This whole controversy--which might have gotten off on a good footing, with a muscular but enriching exchange on the origins of Europe--seems to have turned into a sterile exercise in name-calling (insults of "fascist" are flying in both directions), and people are asked to choose sides without necessarily having read the book in question. A pity.


It might be worth comparing this case to the tenure case involving Barnard professor Nadia El-Haj, about which Jane Kramer recently published a long article in The New Yorker. The different constellation of cultural and intellectual forces involved in the two controversies might shed interesting light on similarities and differences between France and the United States in regard to the academic treatment of subjects touching on Islam.

1 comments:

Alex said...

It seems to me pretty common for academics to sit in libraries, and think up extreme thoughts relative to present-day issues, as Gouguenheim has done. After all, what was it that Marx did?

The difference between France and the US is that the French all have tenured posts funded by the state, tenure being almost automatic, and thus are free to say what they want. Personally I approve of that, academics should be free to say what they want. The question is, does anyone want want to hear it? Evidently, in the US, disputable tenure after five years, and private funding issues, lead to a different situation, as in the case of Nadia Abu al-Hajj.

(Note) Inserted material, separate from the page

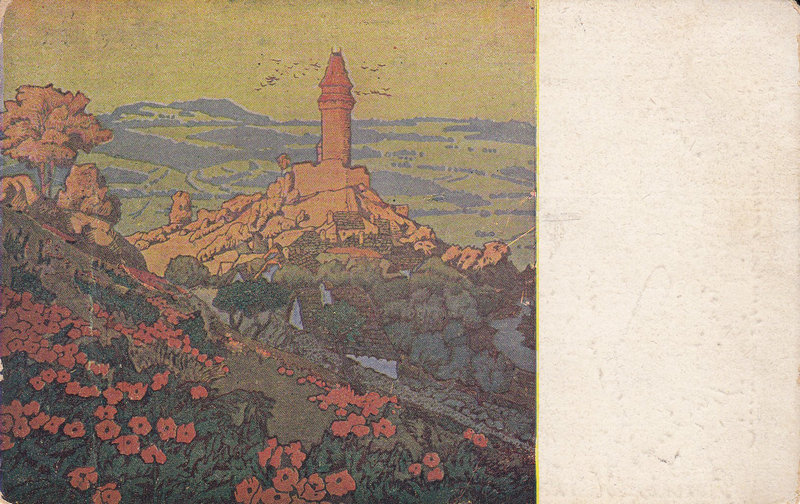 Štramberská Trúba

The point where US and French situations come together is in access to the media. Much the same in both countries; the subject has to resonate, as Gouguenheim evidently did.

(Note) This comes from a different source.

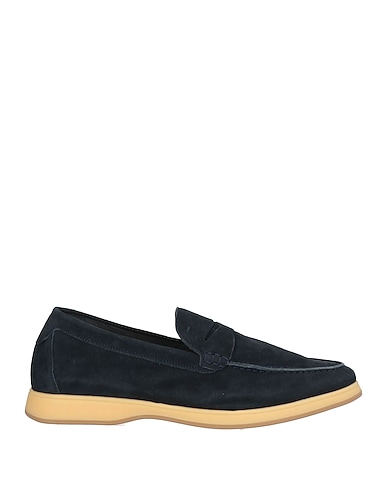 ANDREA VENTURA FIRENZE Loafers Leather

The truth is that he took an extreme position. That others took the extreme opposite is not surprising. As far as I understand it, there are some Greek philosophical and scientific texts which only survived in their Arabic versions, so Gouguenheim could not be completely right. On the other hand, it was not Islam as such which influenced medieval Europe, as philosophy and science of Greek derivation was only a minority occupation in the Islamic world. The battle was won by the logic of revealed religion some centuries before. If God says it, you should believe it.